EXERCISE INSTRUCTIONS
Set down the data again word for word. Skip any pictures.

(PROVIDED DATA Opens)

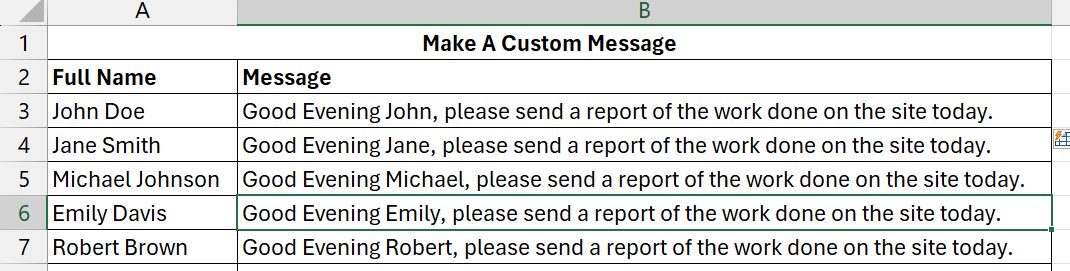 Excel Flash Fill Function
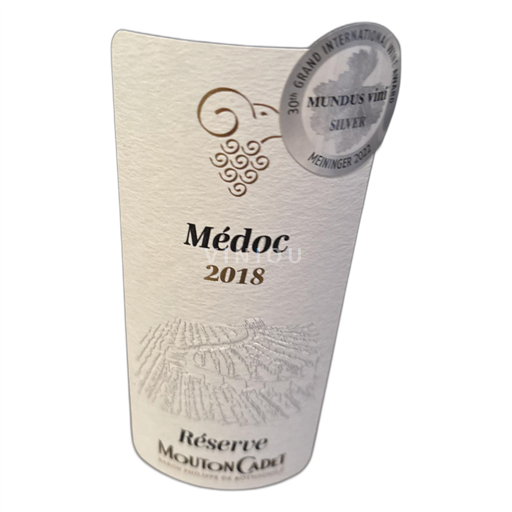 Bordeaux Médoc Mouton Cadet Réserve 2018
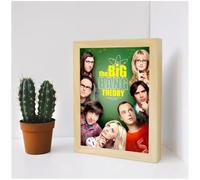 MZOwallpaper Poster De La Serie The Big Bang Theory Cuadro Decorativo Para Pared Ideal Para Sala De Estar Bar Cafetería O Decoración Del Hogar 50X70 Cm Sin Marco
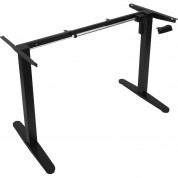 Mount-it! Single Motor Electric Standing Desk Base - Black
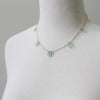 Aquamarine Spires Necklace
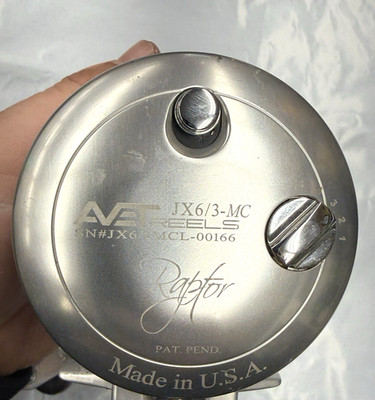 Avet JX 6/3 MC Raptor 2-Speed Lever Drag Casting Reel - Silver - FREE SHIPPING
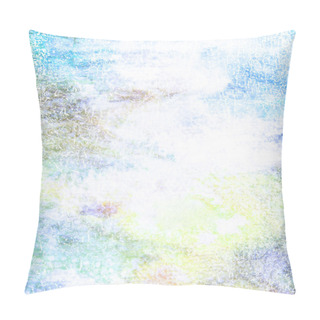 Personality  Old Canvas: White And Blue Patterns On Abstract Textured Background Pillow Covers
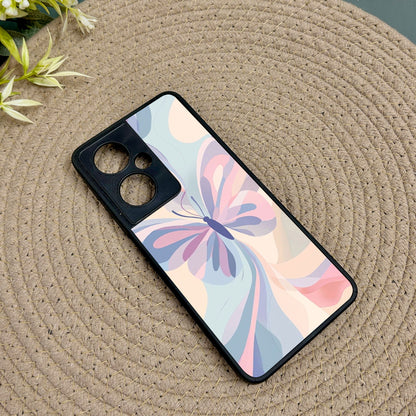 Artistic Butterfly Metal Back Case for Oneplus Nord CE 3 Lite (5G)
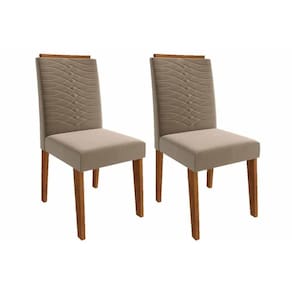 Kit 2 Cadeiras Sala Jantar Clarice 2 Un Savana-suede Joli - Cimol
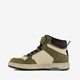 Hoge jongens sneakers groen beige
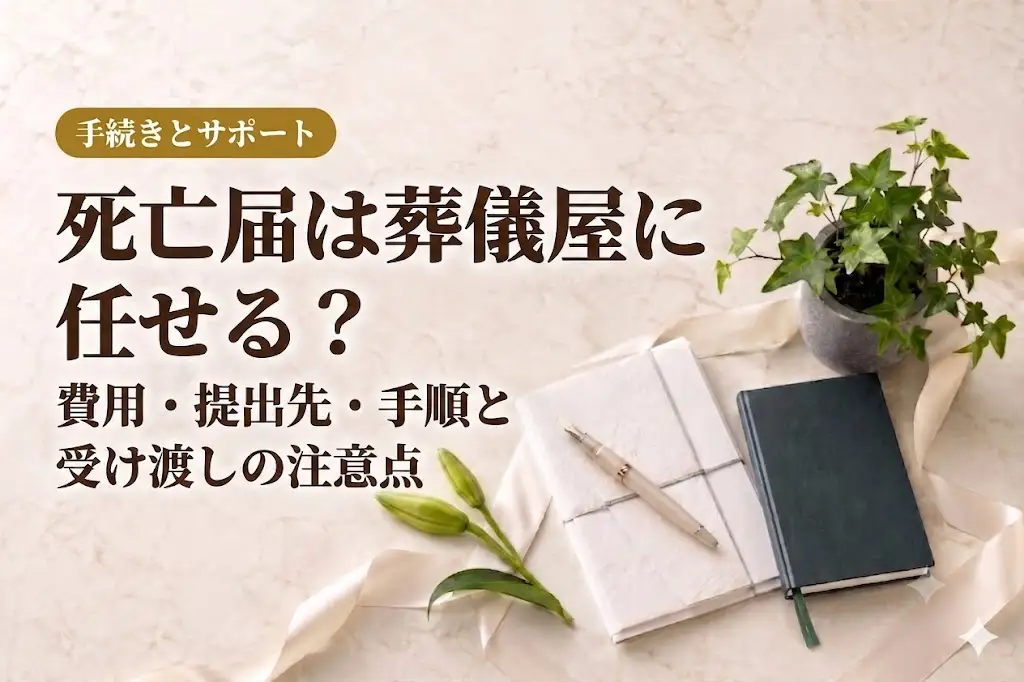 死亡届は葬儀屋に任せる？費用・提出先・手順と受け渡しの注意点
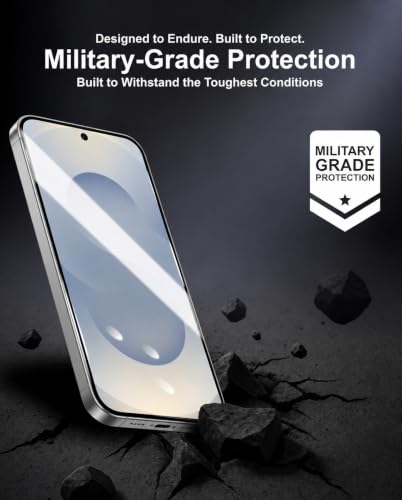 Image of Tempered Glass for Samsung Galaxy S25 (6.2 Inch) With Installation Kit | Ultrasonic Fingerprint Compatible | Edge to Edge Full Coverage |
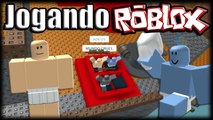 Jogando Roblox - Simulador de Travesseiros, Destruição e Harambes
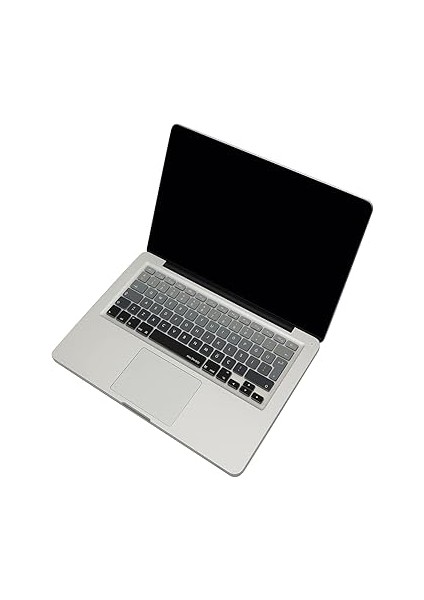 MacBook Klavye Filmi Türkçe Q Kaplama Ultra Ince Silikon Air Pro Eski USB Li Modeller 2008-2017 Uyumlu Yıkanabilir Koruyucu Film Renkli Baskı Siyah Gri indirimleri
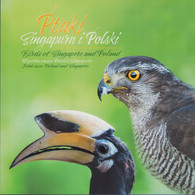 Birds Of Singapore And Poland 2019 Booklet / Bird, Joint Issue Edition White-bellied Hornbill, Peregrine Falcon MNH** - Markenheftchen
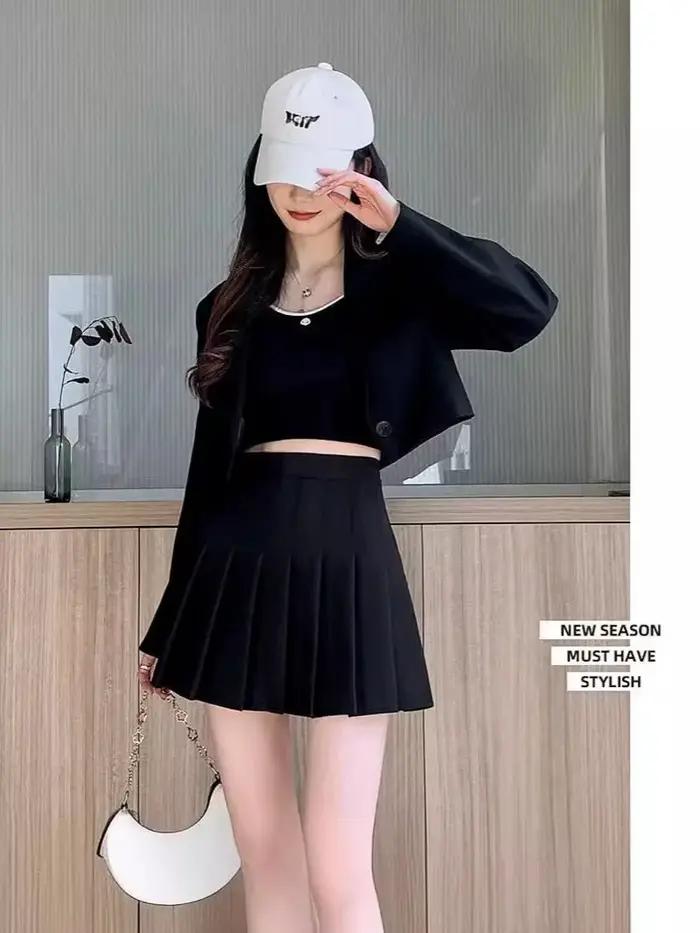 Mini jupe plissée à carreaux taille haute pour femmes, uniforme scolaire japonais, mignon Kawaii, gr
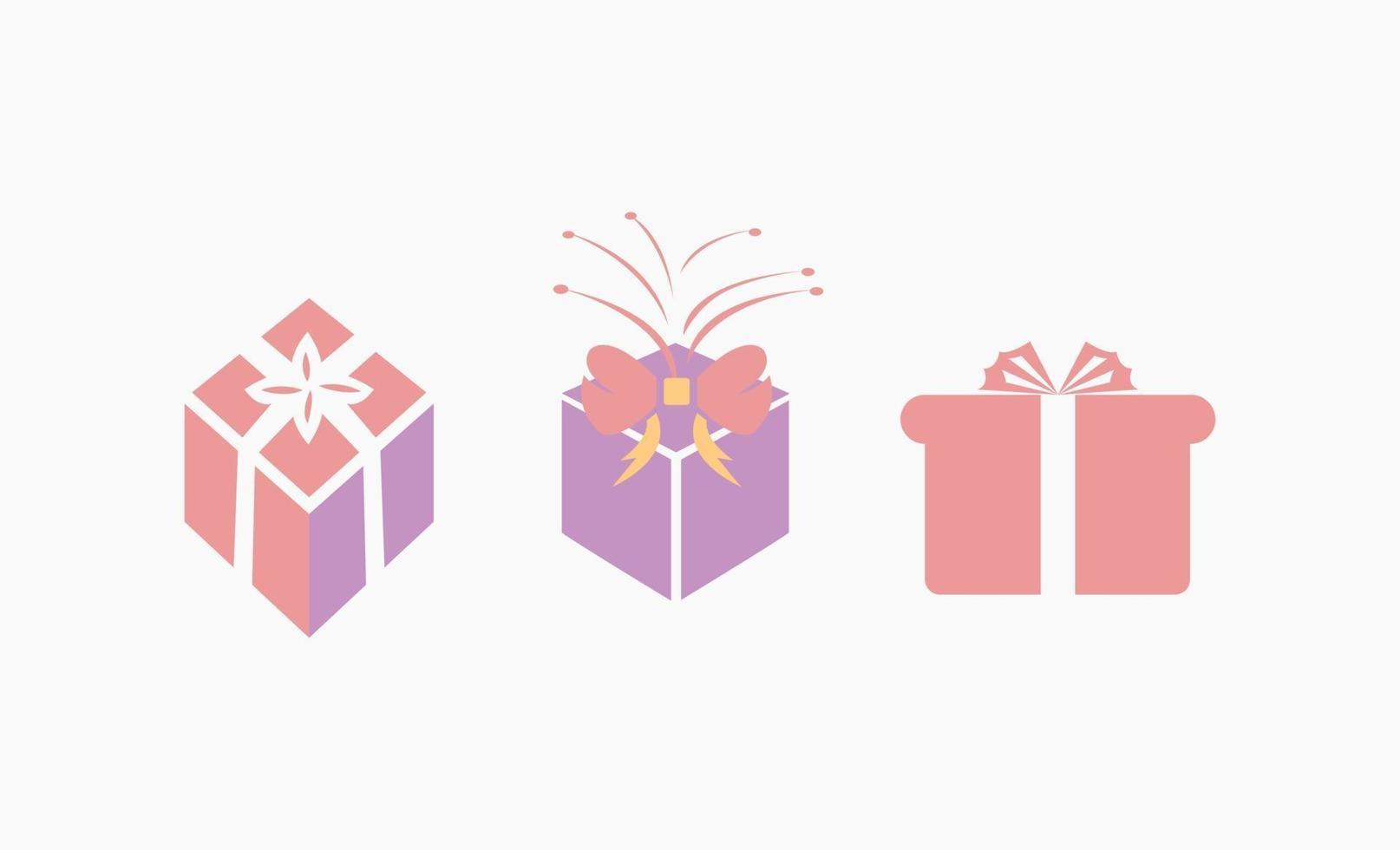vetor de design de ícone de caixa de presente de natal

(PROVIDED DATA Closes)

RESPONSE
 Excel Flash Fill Function
 Bordeaux Médoc Mouton Cadet Réserve 2018
 MZOwallpaper Poster De La Serie The Big Bang Theory Cuadro Decorativo Para Pared Ideal Para Sala De Estar Bar Cafetería O Decoración Del Hogar 50X70 Cm Sin Marco
 Mount-it! Single Motor Electric Standing Desk Base - Black
 Aquamarine Spires Necklace
 Avet JX 6/3 MC Raptor 2-Speed Lever Drag Casting Reel - Silver - FREE SHIPPING
 Personality  Old Canvas: White And Blue Patterns On Abstract Textured Background Pillow Covers
 Artistic Butterfly Metal Back Case for Oneplus Nord CE 3 Lite (5G)
 Kit 2 Cadeiras Sala Jantar Clarice 2 Un Savana-suede Joli - Cimol
 Hoge jongens sneakers groen beige
 死亡届は葬儀屋に任せる？費用・提出先・手順と受け渡しの注意点
 Image of Tempered Glass for Samsung Galaxy S25 (6.2 Inch) With Installation Kit | Ultrasonic Fingerprint Compatible | Edge to Edge Full Coverage |
 Jogando Roblox - Simulador de Travesseiros, Destruição e Harambes
 MacBook Klavye Filmi Türkçe Q Kaplama Ultra Ince Silikon Air Pro Eski USB Li Modeller 2008-2017 Uyumlu Yıkanabilir Koruyucu Film Renkli Baskı Siyah Gri indirimleri
 Birds Of Singapore And Poland 2019 Booklet / Bird, Joint Issue Edition White-bellied Hornbill, Peregrine Falcon MNH** - Markenheftchen
 Mini jupe plissée à carreaux taille haute pour femmes, uniforme scolaire japonais, mignon Kawaii, gr
vetor de design de ícone de caixa de presente de natal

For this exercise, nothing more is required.